And as actor/director Spike Lee told an interviewer just this week,  “The President of the United States had a chance to denounce hate. The whole world saw what happened and he didn’t do it.”

There is no “other side” to racism if you live in a democracy. There is no “right” to be racist. There is no ‘racist amendment’ that would allow racists to be tolerated in any situation. There is NO validity to their arguments of white superiority, only anti-social activity that tears apart society.

Norman Rockwell 1964 young girl

However, the climate fomented and nurtured by Trump’s administration not only encourages overt racism, it is tacitly welcomed and rarely held accountable for the pain and discomfort of those upon whom this abuse is waged.

This new fad of calling 911 on people living their life while being black will most certainly, inevitably, eventually, get someone killed. People of colour know that siccing the cops on a person of colour can and will often devolve into a life or death situation.

Just ask actor Ving Rhames, who was a target of racial profiling earlier this year. A neighbour called the LAPD  after a neighbour claimed to have seen a ‘large black man breaking into a house.”

Rhames, who had been watching television in his Santa Monica home with his two English bulldogs, answered the door.

“I get up, I open the door, there’s a red dot pointed at my face from a 9 millimeter,” Rhames. “And they say, ‘Put up your hands.'”

Last year, NBA All-Star Lebron James’ Los Angeles home was vandalized with N-word graffitti, and in March of this year, Milwaukee Bucks player Sterling Brown was seen in a video being tackled to the ground for a parking infraction.

bbqing while blackJust being AWBAlive While Black – has lead to a fad of white people calling 911 to report their fear of black people golfing too slowly, eating waffles, waiting for a client in a Starbucks, handing out campaign literature, napping at lunch, barbecuing at a public park, asking to use a valid coupon, eating their lunch, being a real estate agent, swimming in their public community pool, checking out of an AirBnB without acknowledging a wave, or seeing an 8 year old child selling cold bottled water on a warm day.

And in response to these frantic calls from white people, most of these innocent people had to deal with the police showing up, with flashing sirens and guns blazing. After all, the steadfast perspective of white callers seems to always be far more trustworthy than the potentially criminal actions of law-abiding, tax- paying, black citizens.

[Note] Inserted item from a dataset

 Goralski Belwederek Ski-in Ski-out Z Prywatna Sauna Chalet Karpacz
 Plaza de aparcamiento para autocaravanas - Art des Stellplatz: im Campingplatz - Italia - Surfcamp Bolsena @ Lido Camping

I’ve yet to hear of any accountability being demanded of the people who are wasting precious police resources by calling the police on innocent parties. Nor have I heard of any of those who’ve had their lives put into danger, successfully suing the callers or their employers. But I hope that becomes a fad, and soon.

From his first speech on the campaign trail, Trump has been overtly, aggressively, racist, condemning and dismissing people of colour. Although an elected president is supposed to be the president of all of the people, he is selective about whom he chooses to favour or flay.  As if his spoken and tweeted attacks on (black) football players for their non-violent protest of taking a knee during the National Anthem, despite their repeated explanations of what the protest means, weren’t annoying enough, his continued attacks actually break two laws.

law on kneeling for flag

A federal law, enacted in 1943, says that no citizen can be forced to participate in rituals that are used with the flag or any other symbol of the United States.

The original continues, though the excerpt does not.